PROBLEM DESCRIPTION: Would you restate each line of the data below word for word, without its pictures?

STUDY MATERIAL:
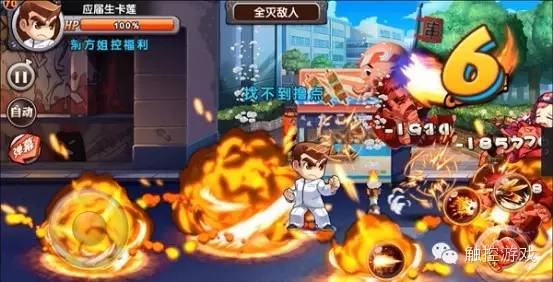 热血高校在什么app可以看,热血高校在哪个软件上看不要钱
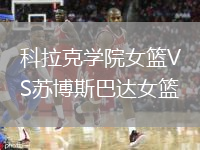 科拉克学院女篮VS苏博斯巴达女篮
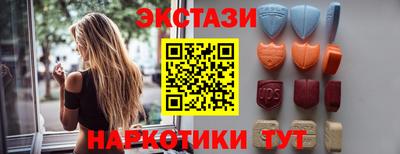 синтетический гашиш Азнакаево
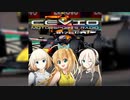 CeVIO Motorsports Radio #176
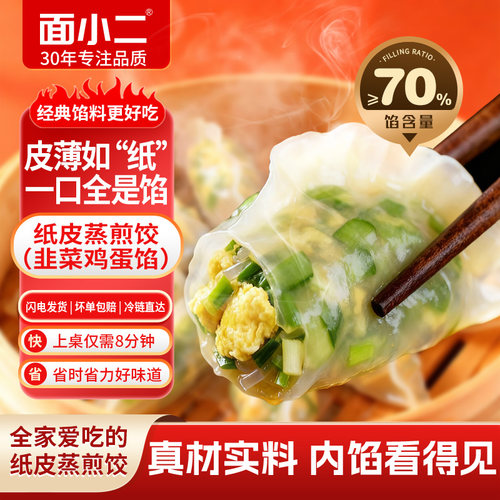 面小二韭菜鸡蛋纸皮蒸饺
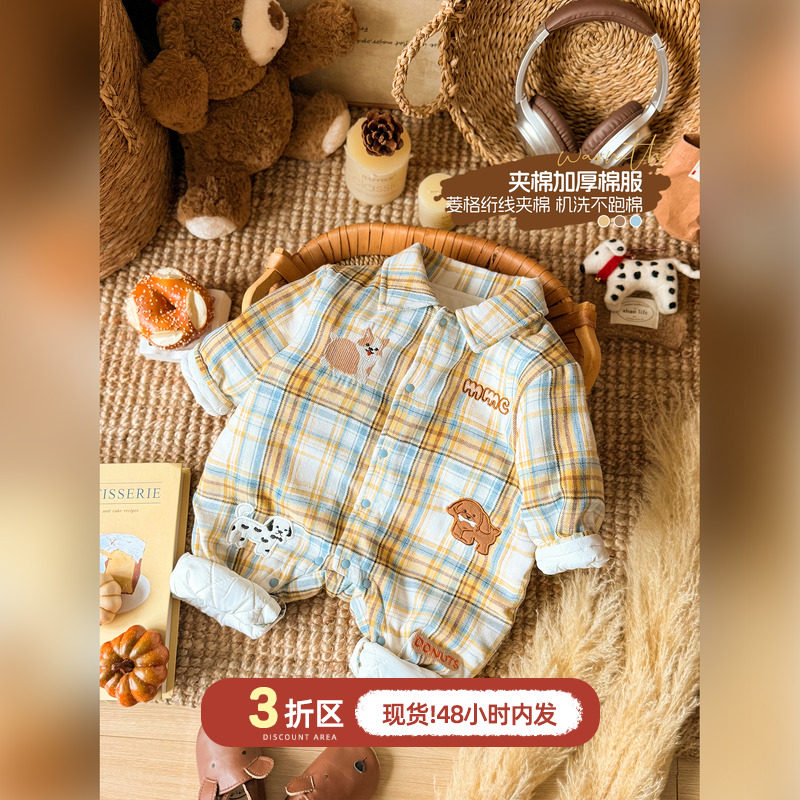 婴儿夹棉连体衣新款小月龄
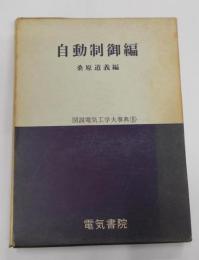 自動制御編　　図説電気工学大事典〈第5巻〉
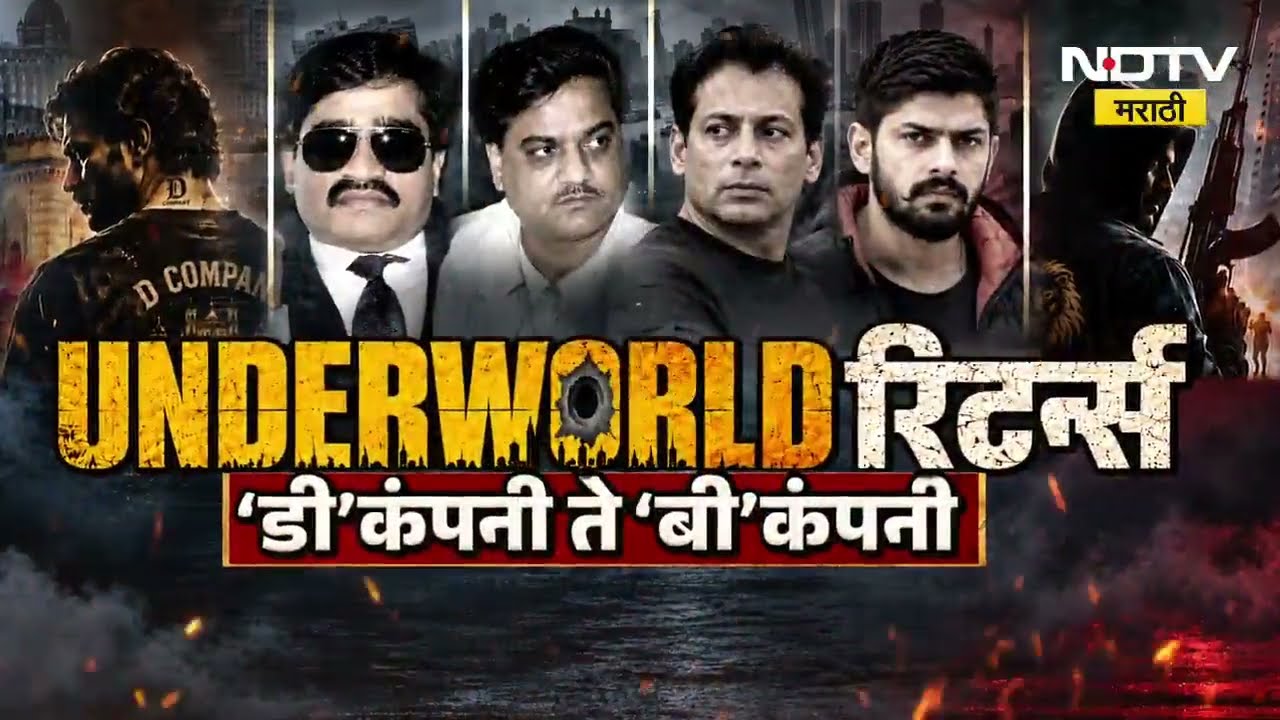 Tiger Shroff Firing | लॉरेन्स बिश्नोई गँगचा बॉलीवूडमध्ये धुमाकूळ, 'NDTV मराठी'चा Special Show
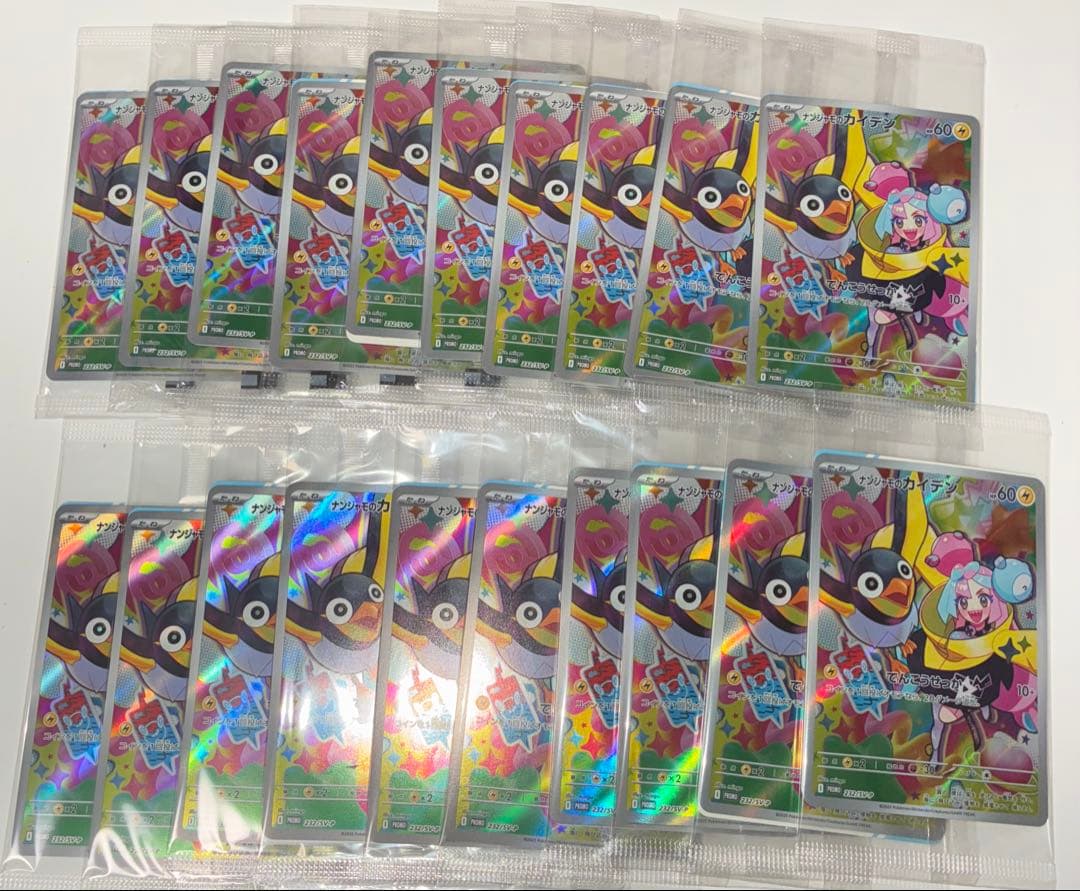 【新品未開封】ポケモンカード ナンジャモのカイデン プロモ　20枚セット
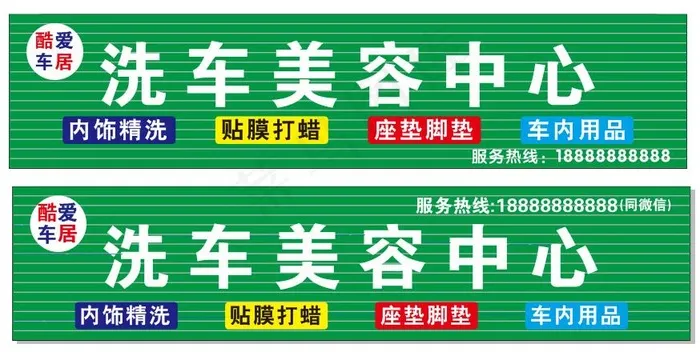 汽车美容中心   汽修   美容中心   车辆维修cdr矢量模版下载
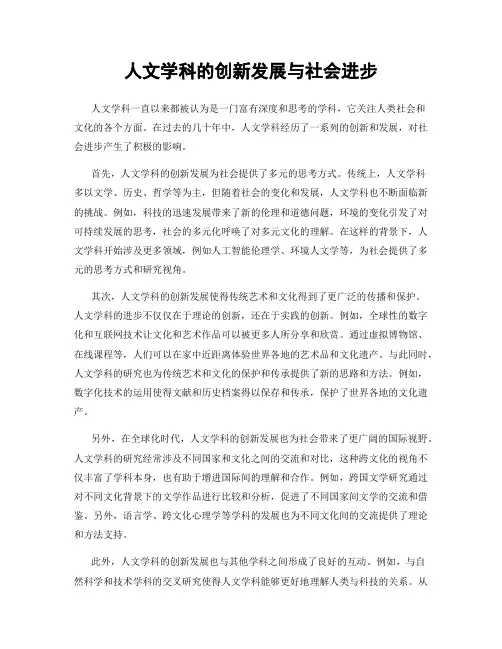 人文学科的创新发展与社会进步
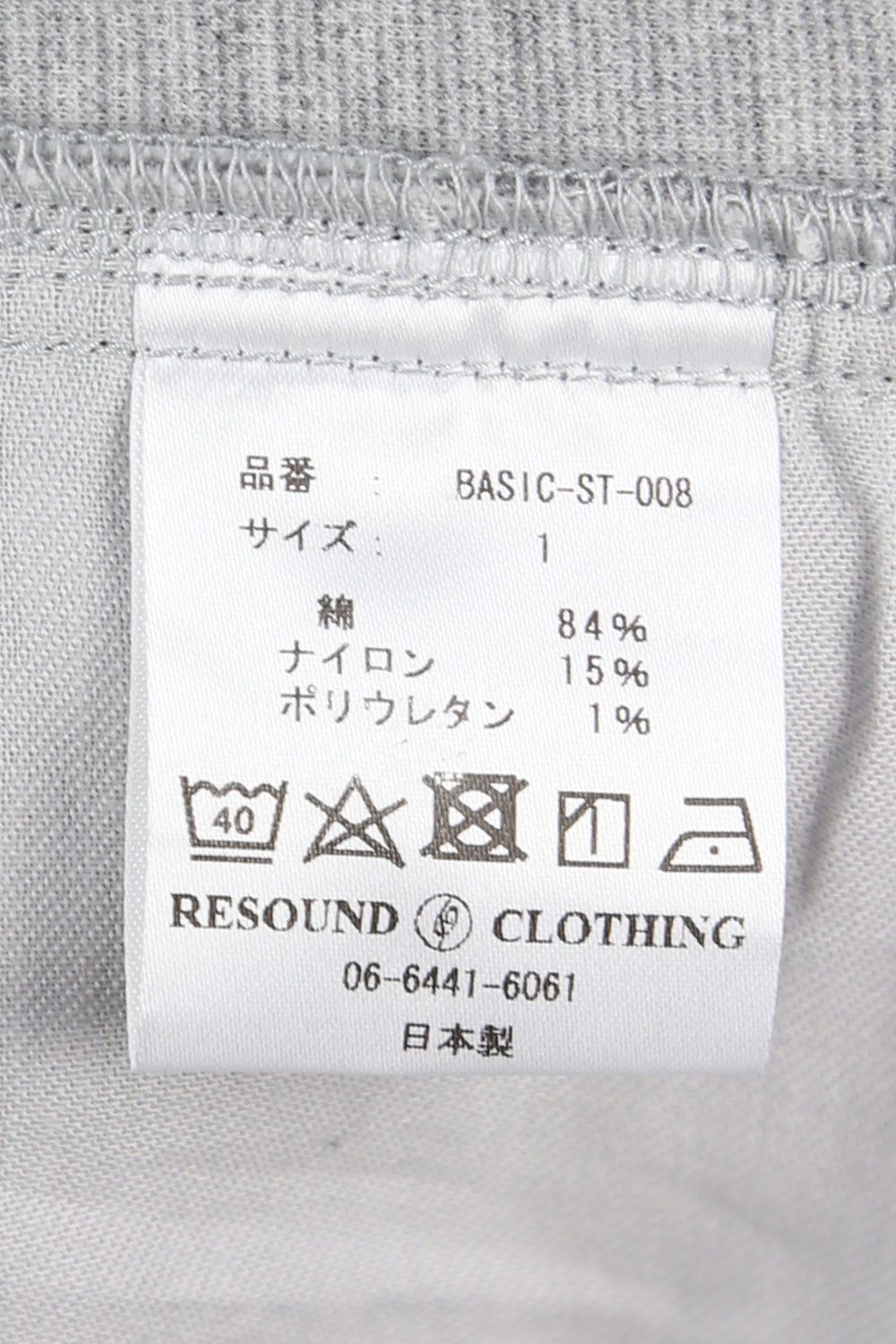 【人気定番商品】Blind LINE PT / シルバーレザーライン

TASK SOLUTION:
 热血高校在什么app可以看,热血高校在哪个软件上看不要钱
 科拉克学院女篮VS苏博斯巴达女篮
 синтетический гашиш Азнакаево
 CeVIO Motorsports Radio #176
 面小二韭菜鸡蛋纸皮蒸饺
 婴儿夹棉连体衣新款小月龄
 自動制御編　　図説電気工学大事典〈第5巻〉
 Tiger Shroff Firing | लॉरेन्स बिश्नोई गँगचा बॉलीवूडमध्ये धुमाकूळ, 'NDTV मराठी'चा Special Show
 【新品未開封】ポケモンカード ナンジャモのカイデン プロモ　20枚セット
 汽车美容中心   汽修   美容中心   车辆维修cdr矢量模版下载
 人文学科的创新发展与社会进步
 【人気定番商品】Blind LINE PT / シルバーレザーライン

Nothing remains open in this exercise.